Costa d’Avorio-Giappone: tanta qualità, spettacolo assicurato

Lo spettacolo dovrebbe essere assicurato. Nella notte italiana tra sabato e domenica, alle ore 3, si aprirà il Mondiale di Costa d’Avorio e Giappone, due delle possibili outsider della manifestazione. Gli africani di Didier Drogba e Gervinho cercano la prima qualificazione della loro storia al secondo turno. Gli asiatici degli “italiani” Nagatomo e Honda vogliono almeno ripetere Sudafrica 2010 quando furono eliminati agli ottavi, solo ai calci di rigore dal Paraguay. A Recife, alle ore 22 brasiliane (unica partita di tutto il Mondiale a essere programmata così tardi) scenderanno quindi in campo due delle squadre più affascinanti dei Mondiali brasiliani. Entrambe schierate con il 4-2-3-1, Costa d’Avorio (ancora con il dubbio sulla presenza dal primo minuto di Yaya Touré) e Giappone sicuramente si affronteranno, come al loro solito, a “viso aperto”, cercando fin dai primi minuti di gioco il gol del vantaggio. E tra i tanti spunti di interesse di un match che potrebbe valere una buona fetta del “pass” per gli ottavi (con la Colombia favorita per il primo posto e la Grecia che pare essere la nazionale meno competitiva di un girone comunque molto equilibrato) c’è anche la sfida in panchina.
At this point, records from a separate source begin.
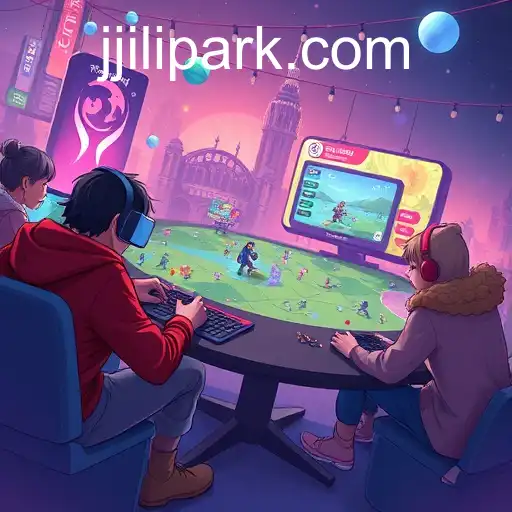 The Rise of Jilipark in the Gaming Industry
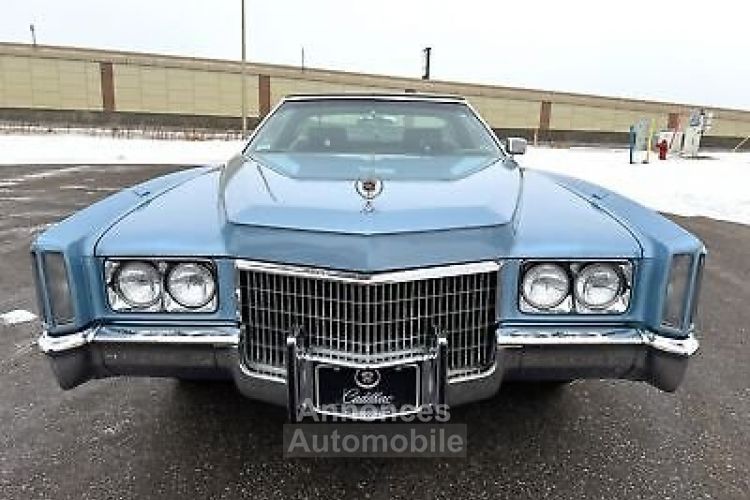 Cadillac Eldorado - <small></small> 26.000 € <small>TTC</small> - #9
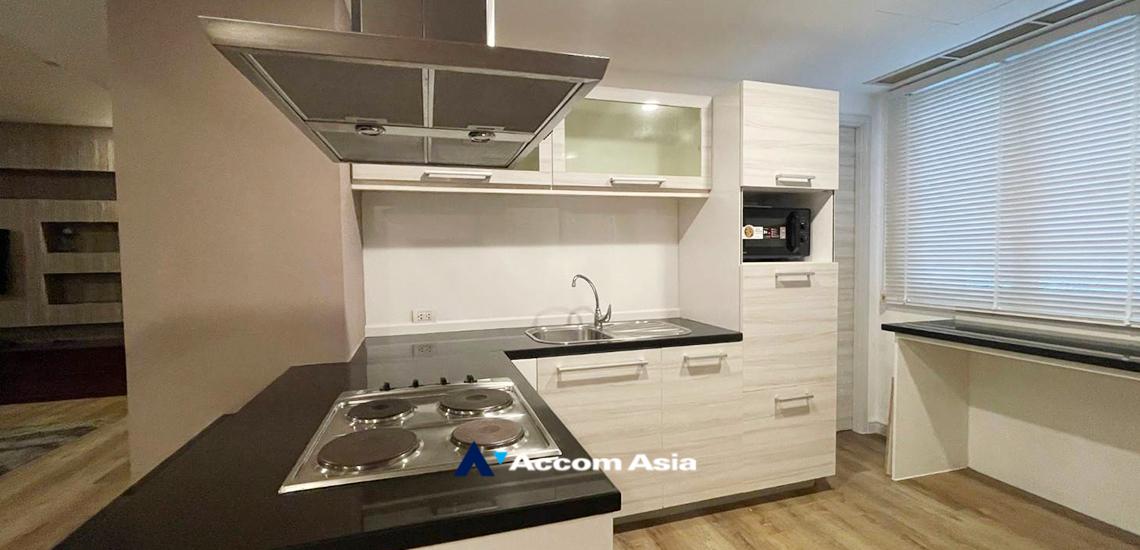 รูป 🔼🔽 AccomA 📩 Pet friendly 3 BR Condominium @Fullerton Sukhumvit (AA32452) - รูปที่ 4/18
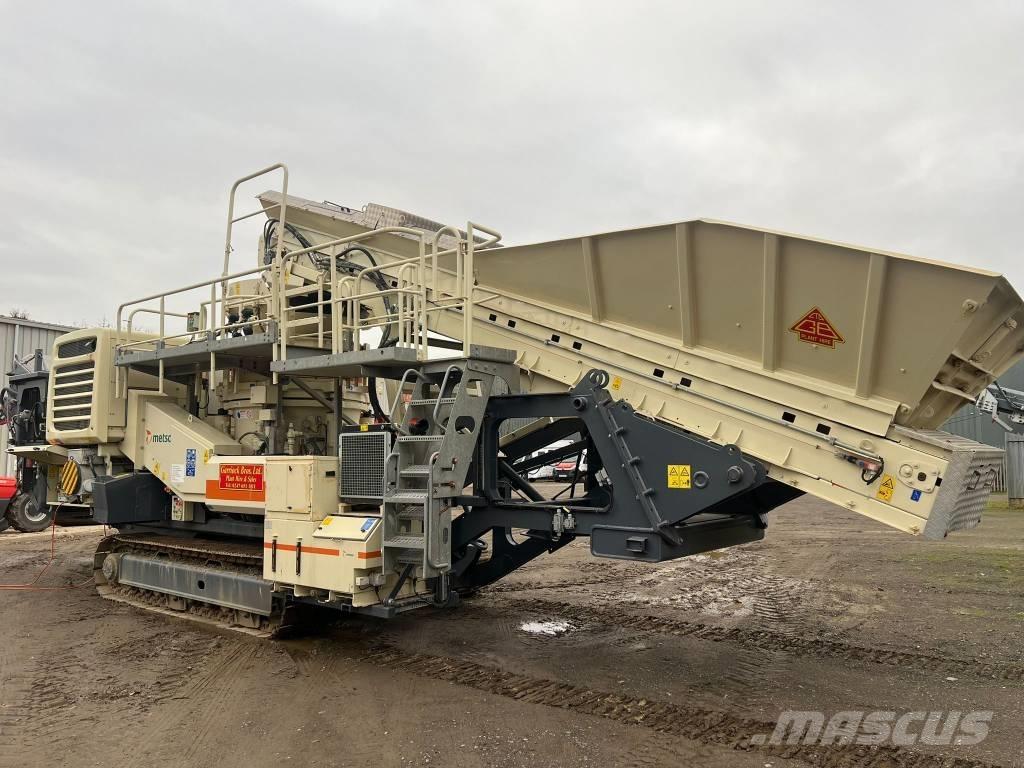 Metso LT 300 HP Mobile knuseverk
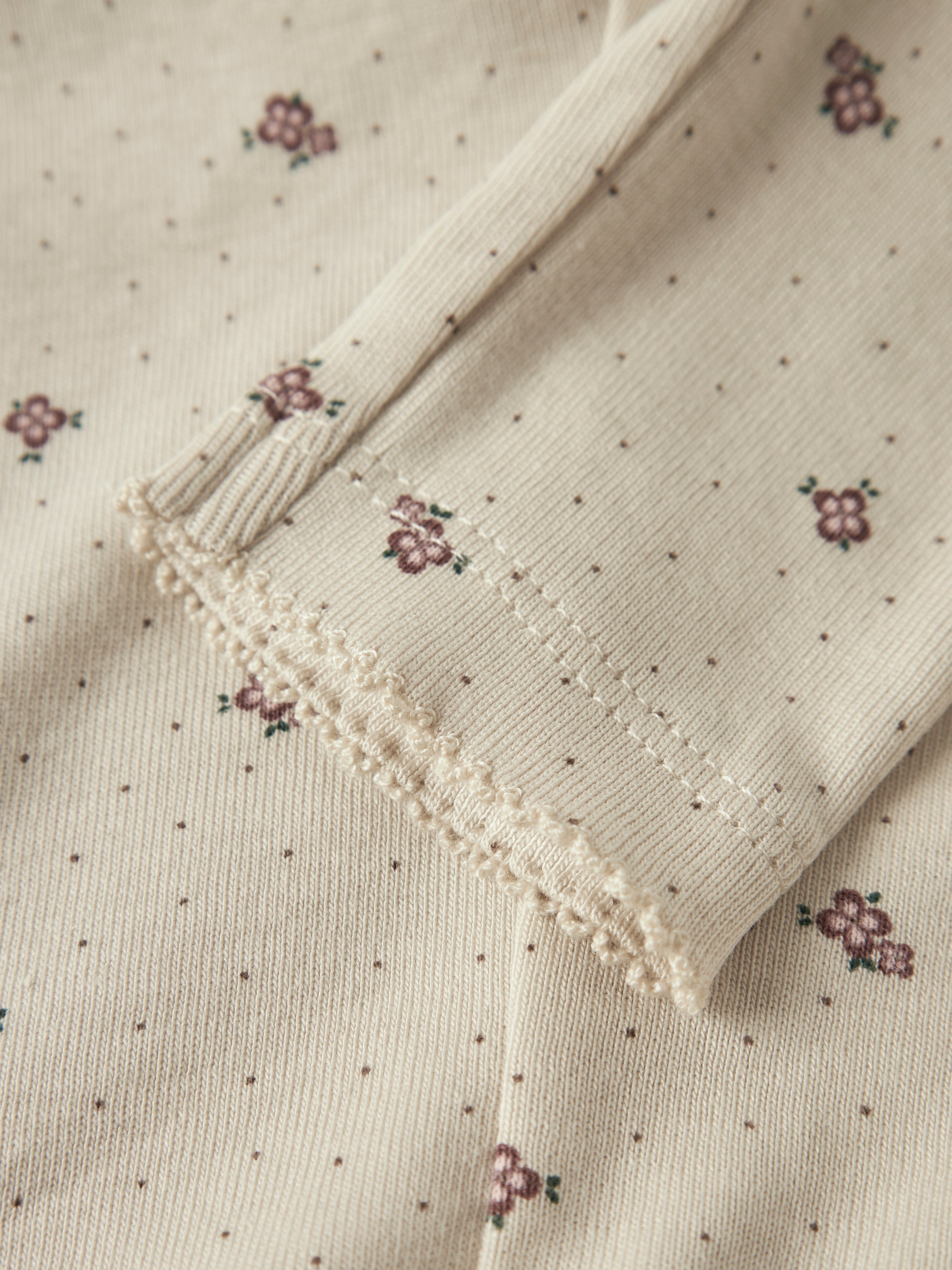 Name It Hitta - Legging - Almond Milk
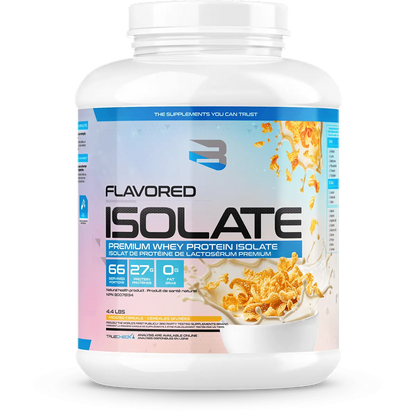 Protéine Isolate 4.4lb - Boutique Immersion Santé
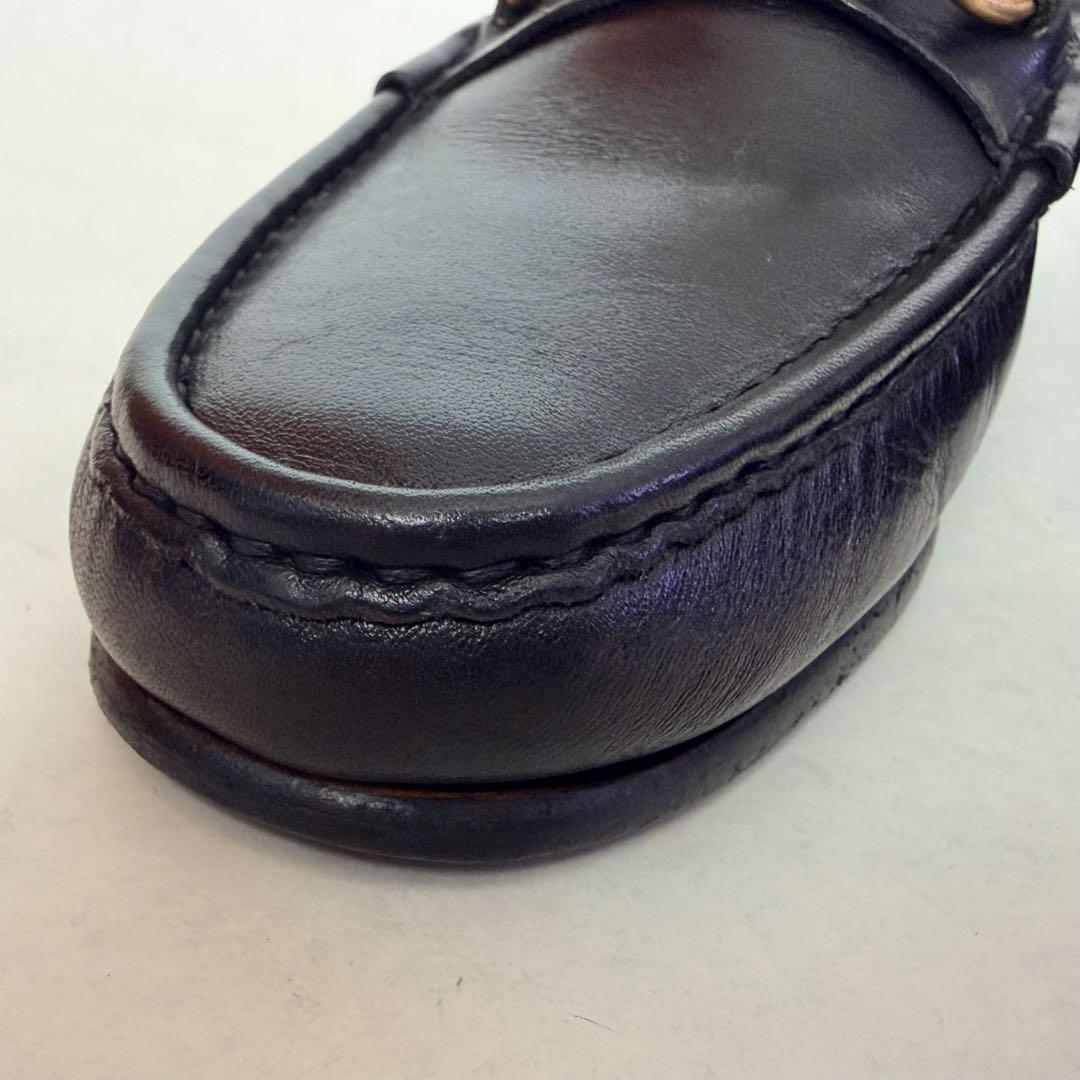 GUCCIグッチ ホースビットローファー 39.5 本革 ブラック
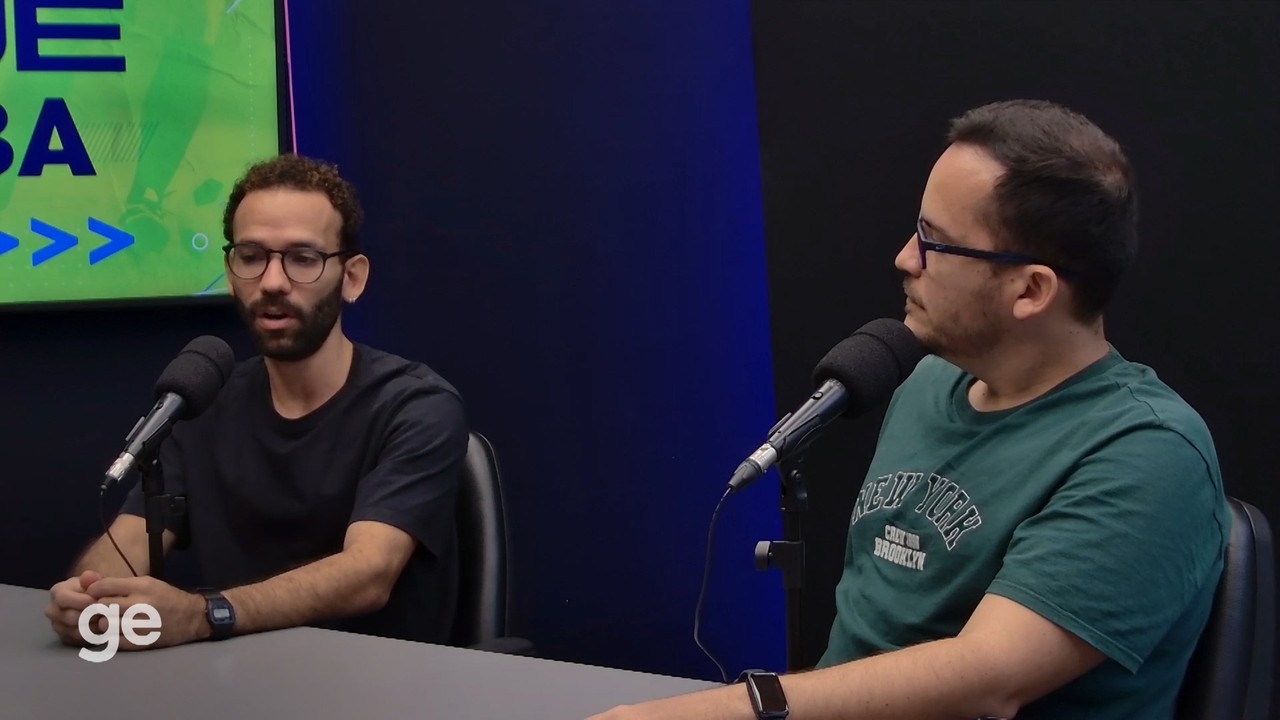 Assista à íntegra do podcast, que debate Vitória ainda fora do Z-4 e Bahia firme no G-6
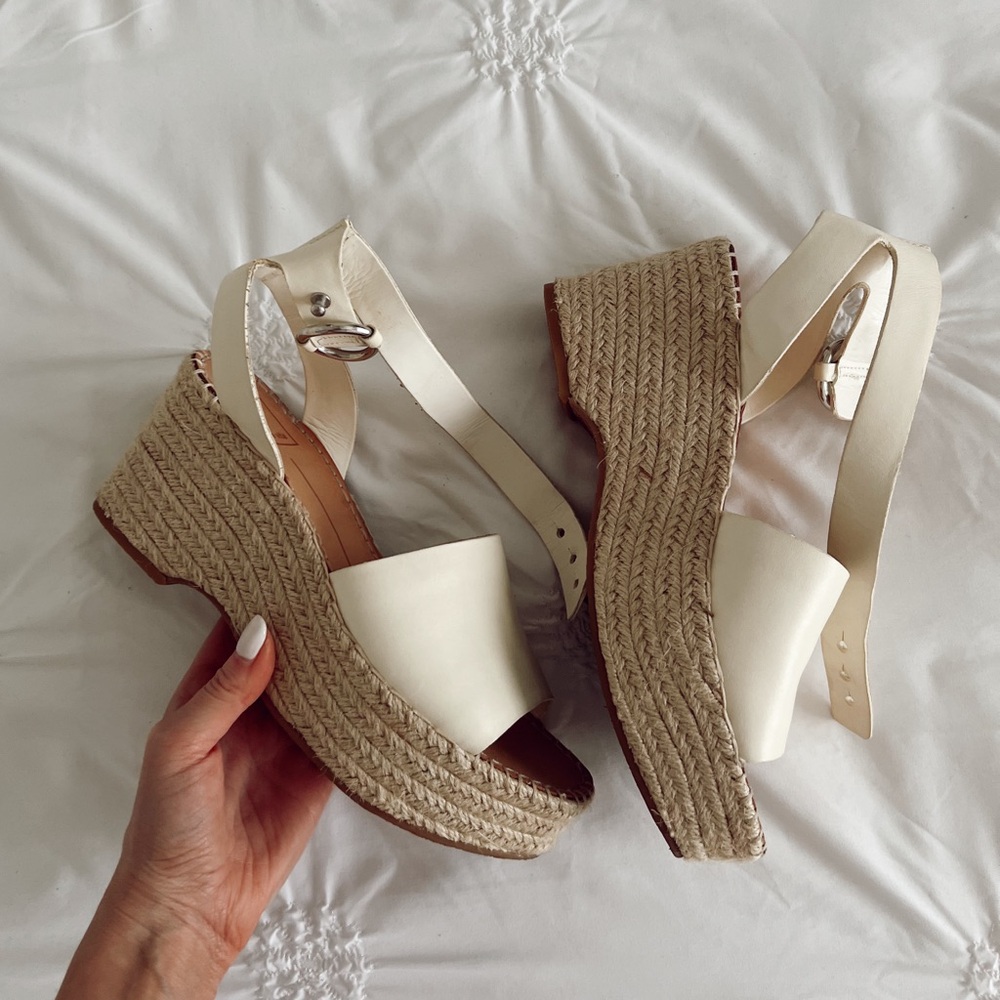 Dolce Vita Lesly platform sandals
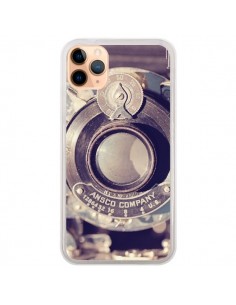 Coque iPhone 11 Pro Max Appareil Photo Vintage Findings -...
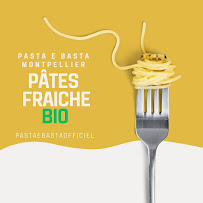 Aliment-réconfort du Restauration rapide Pasta e basta Montpellier - n°15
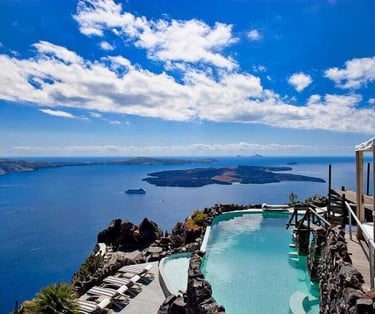 Honeymoon curated & curated by Francesco Travels Villas Weddings & Events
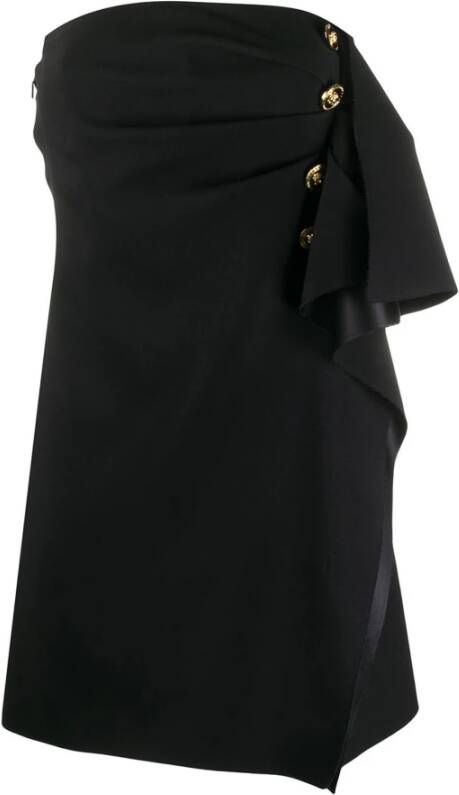 Versace Dresses Zwart Dames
Sabri Lamouchi, ct della Costa d’Avorio e tecnico più giovane della Coppa del Mondo, si ritroverà contro Alberto Zaccheroni, suo allenatore ai tempi dell’Inter, di cui ha sempre riconosciuto i meriti. “Il Giappone è una squadra con ottime qualità – ha evidenziato – che gioca un calcio offensivo ma molto equilibrato”. Del resto, in quattro anni alla guida del Giappone, “Zac” ha vinto e spesso anche convinto. Il segreto? Lo ha svelato il difensore Maya Hoshida: “Ha capito davvero il popolo giapponese” e in campo “ci ha aiutato a imparare come le squadre europee riescano a competere a livello mondiale, ma sempre mantenendo lo stile giapponese”.